Reflections on Truth and Reconciliation

Friday, September 30, 2022
National Day of Truth and Reconciliation

by Emma Kirke

Friday September 30 marks the National Day for Truth and Reconciliation, also known as Orange Shirt Day, an occasion to publicly commemorate and re-commit to the important work of building towards reconciliation with the diverse First Nations, Métis, and Inuit peoples who have called Turtle Island home since time immemorial. As a citizen of the settler state, living, working, and studying here, I am reminded on this National Day of Remembrance of the progress made but also of the distance we still have to go as we continually work to meaningfully address the Truth and Reconciliation Commission’s Calls to Action published in 2015.   

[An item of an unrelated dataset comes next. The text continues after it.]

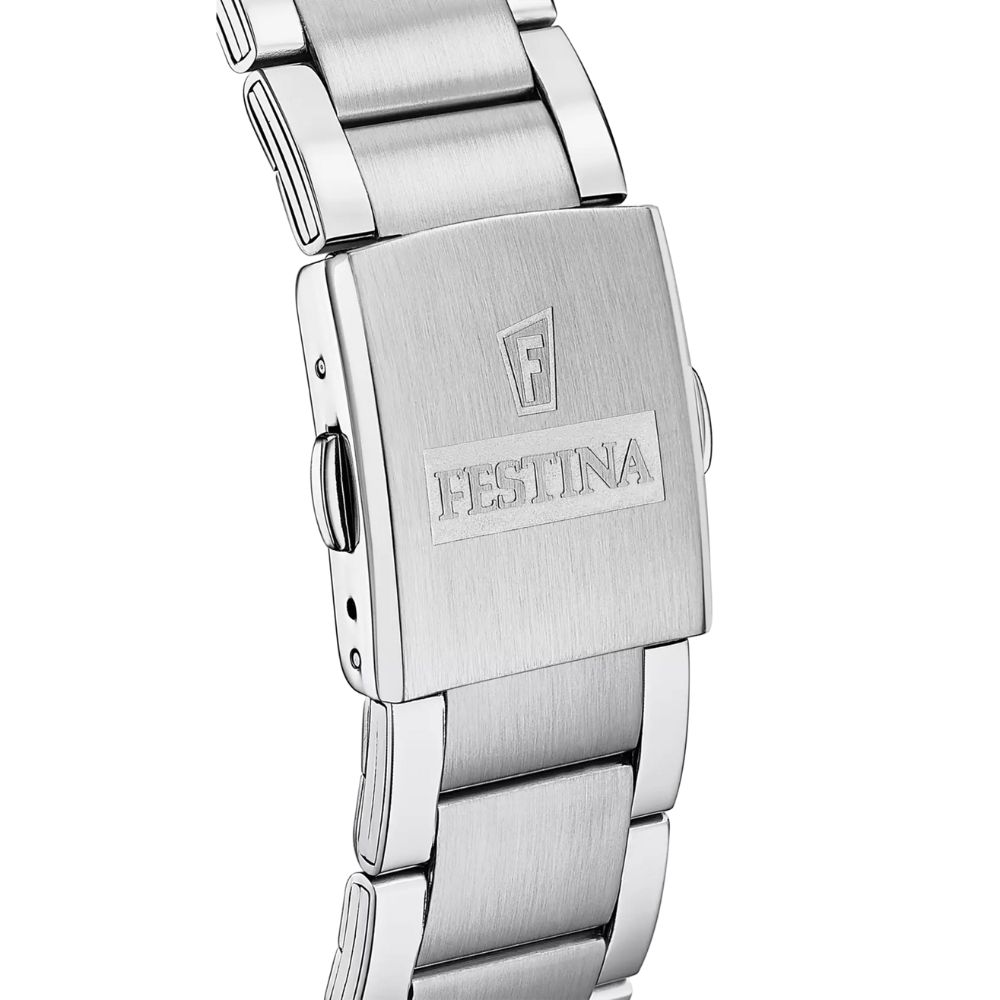 montre-festina-timeless-chronograph-noir-acier-F20343-8 (1) Montre Festina Timeless Chronograph, cadran gris, doré, acier – Image 3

The Truth and Reconciliation calls to action reach across all sectors of Canadian society, from education to healthcare to faith groups. In the seven years since the 94 calls to Truth and Reconciliation were published, only 13 have been accomplished, which is outnumbered by the 19 that have not yet been started according to CBC’s tracker, Beyond 94. While some of the calls require change by institutions like governments, by no means does the responsibility rest solely on people who sit in boardrooms and legislatures.  

Even in the four years between when my younger sibling and I sat in a Grade ten classroom, the extent to which Indigenous education featured in the curriculum taught at the same high school had leapt forward. But this change did not happen through top-down direction, rather we had teachers that went out of their way to seek out diverse Indigenous voices to include in our reading list.  

I have been privileged over the years to meet with survivors of the residential school system. Time and time again, I am in awe of the courage and generosity they demonstrate in retelling their histories. In turn, I feel the enormous responsibility I have as a settler to use the information to inform how I go forward in all areas of my life. We need everyday advocates in every sector of life from the mundane to the memorable, so that Indigenous education is not the exception but rather the standard. Indigenous peoples cannot be the sole advocates for their rights; rather, we all need to work together to ensure their voices are heard the loudest.  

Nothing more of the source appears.